The entire Braun saga has been an unmitigated disaster, from the initial leak of the news of his positive test, to the unnerving details of his urine sample sitting in a collector's refrigerator for two days instead of being sent via FedEx to World Anti-Doping Agency headquarters in Montreal, to this evening's latest press release from MLB authorities whining about the result of this process.
Nobody comes out of this in a particularly positive light, though Braun and the players union certainly look better than MLB and the collection agency that botched protocols for transporting his sample last October.
Few would fault players for suddenly being skeptical of the entire drug-testing process, and it's fair to wonder whether the strong relationship that have been established between MLB and the union over the last few years might fall apart over this issue.
Drew Storen, the Nationals' player representative, said today that shouldn't be the case.
"I don't think so," the closer said. "I don't really know the details of the story, so I think once the details come out, we'll have a better understanding. ... But I think one thing people don't necessarily realize: We are all working together toward a drug-free sport. Everybody wants a drug-free environment."
Veteran players say they still have faith in the process, despite the obvious screw-ups in the Braun case.
"I've been in the league since the first drug testing was implemented, and you've seen how effective it's been," said DeRosa, who debuted in 1998 just as Mark McGwire and Sammy Sosa were breaking Roger Maris' single-season home run record. "I really feel like it's done remarkable things to clean up the game."
To a man, players insist the sport is far cleaner now than it was during the late-1990s and early 2000s. Sure, there will always be a handful of guys who think they can cheat the system, but there is legitimate fear from everyone about getting caught ... and the ramifications that come along with it.

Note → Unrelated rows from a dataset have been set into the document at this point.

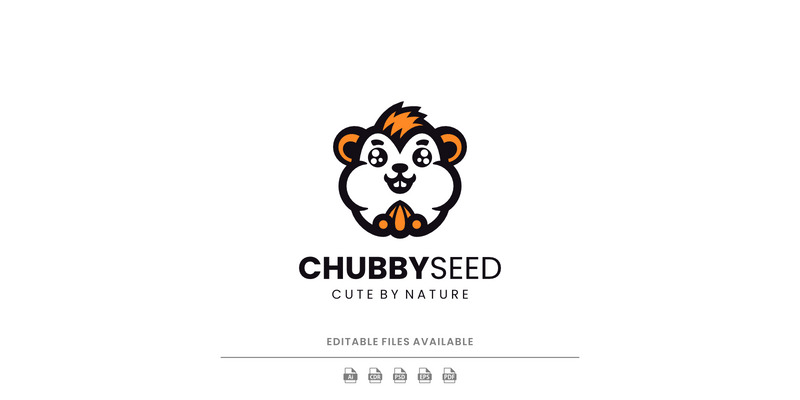 Mascot Head Hamster Logo Design - Features Image 1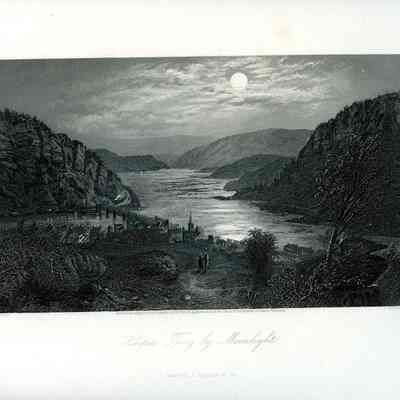 Harper's Ferry by Moonlight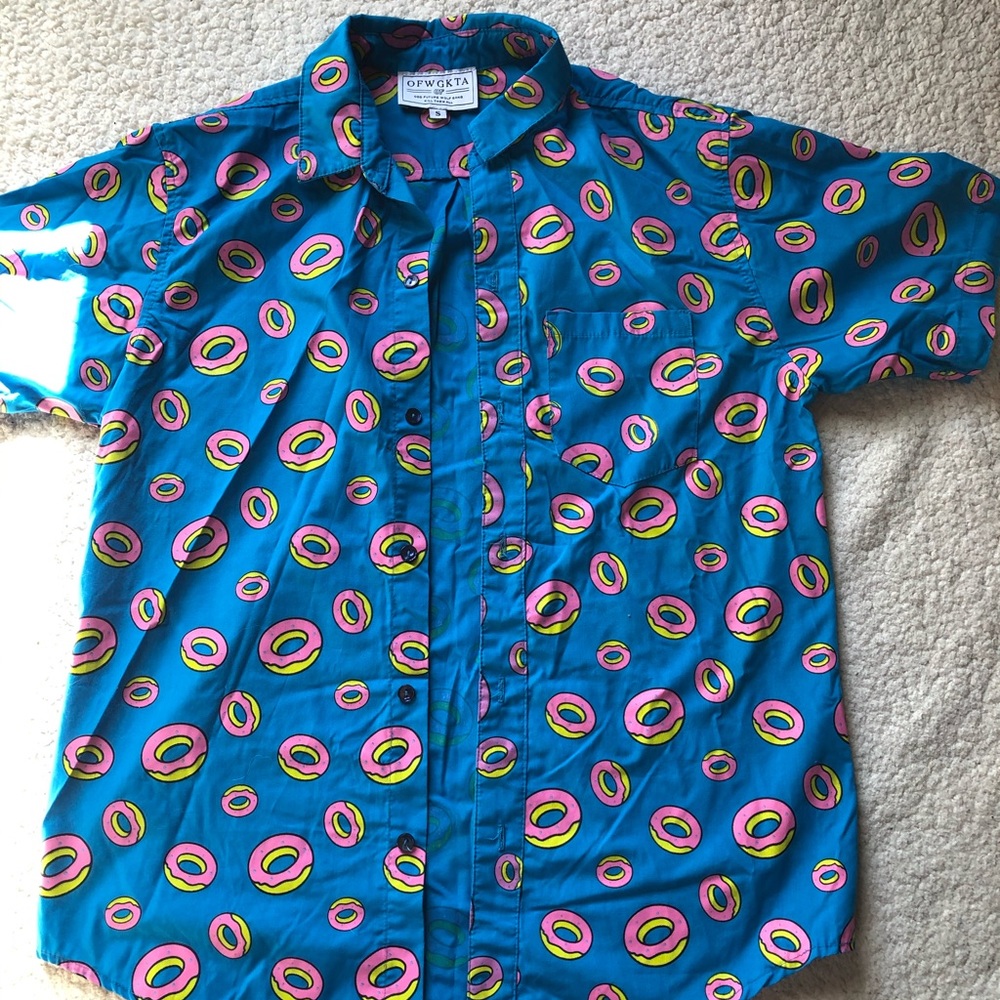 Odd Future - All Over Donut Button Up Shirt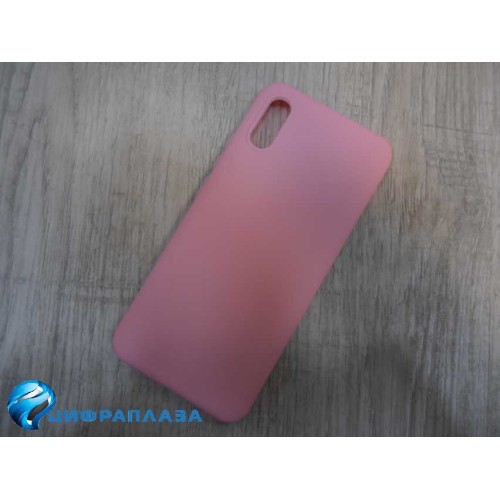 Чехол силиконовый Xiaomi Redmi 9A Soft Touch матовый розовый
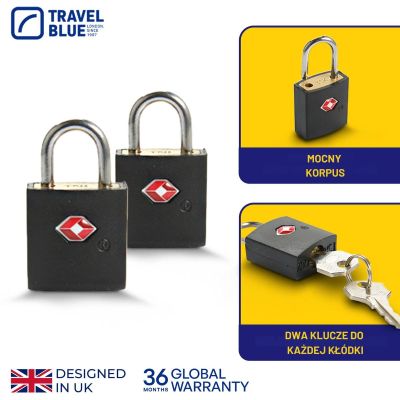 4. TRAVEL BLUE KŁÓDKA BAGAZOWA Z TSA ZESTAW 2SZT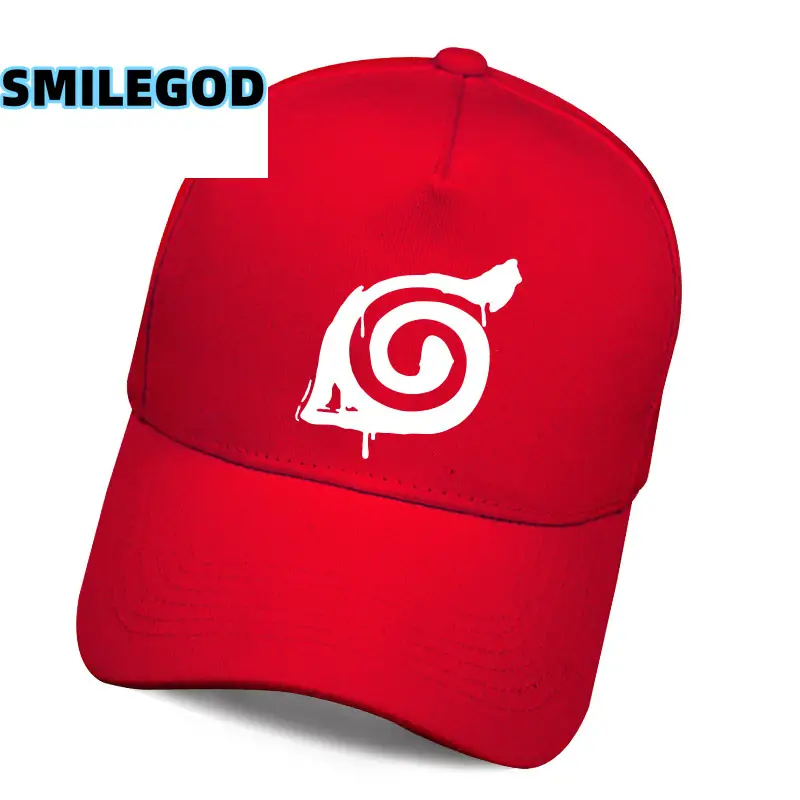 Blue Anime Hat with Red Spiral Logo for Youth - Image 27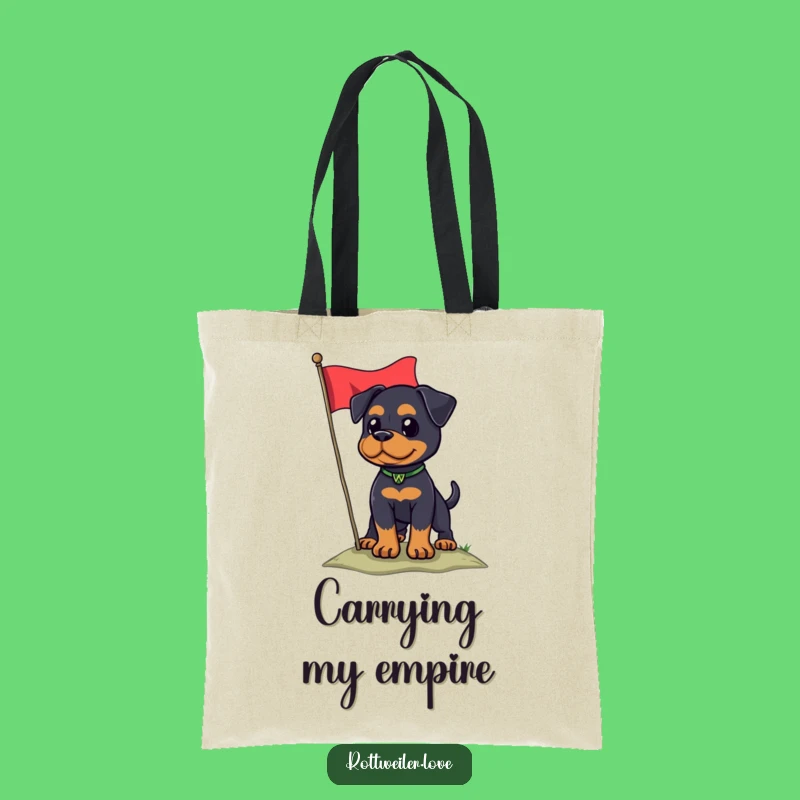 Funny Rottweiler Flag Tote Bag: Stylish Patriotic Dog Accessory Gift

It's become pretty well-established that anyone strongly linked to PEDs faces nearly impossible odds of being voted into the Hall of Fame. (Full disclosure: I'm a Hall of Fame voter, and at this point I won't select any players who have either admitted taking PEDs or were otherwise proven to have taken them during their careers.)
Now, the vast majority of big-leaguers will never be in the conversation for Cooperstown. But even the marginal players know even the slightest link to PEDs right now spells doom for their careers. That's simply not worth the risk, in most players' minds.
"I think the drug system has done a very good job," Zimmerman said. "There's literally no drugs in the game. If you're doing drugs, you're taking a huge risk and you're more than likely going to get caught. So I think the system has done its job."
To an extent. Braun may have used the system in place to clear himself from suspension and perhaps the loss of his MVP award. But he may never be able to clear his reputation.
Which is why every player in the majors today was so consumed with the news coming out of Brewers camp.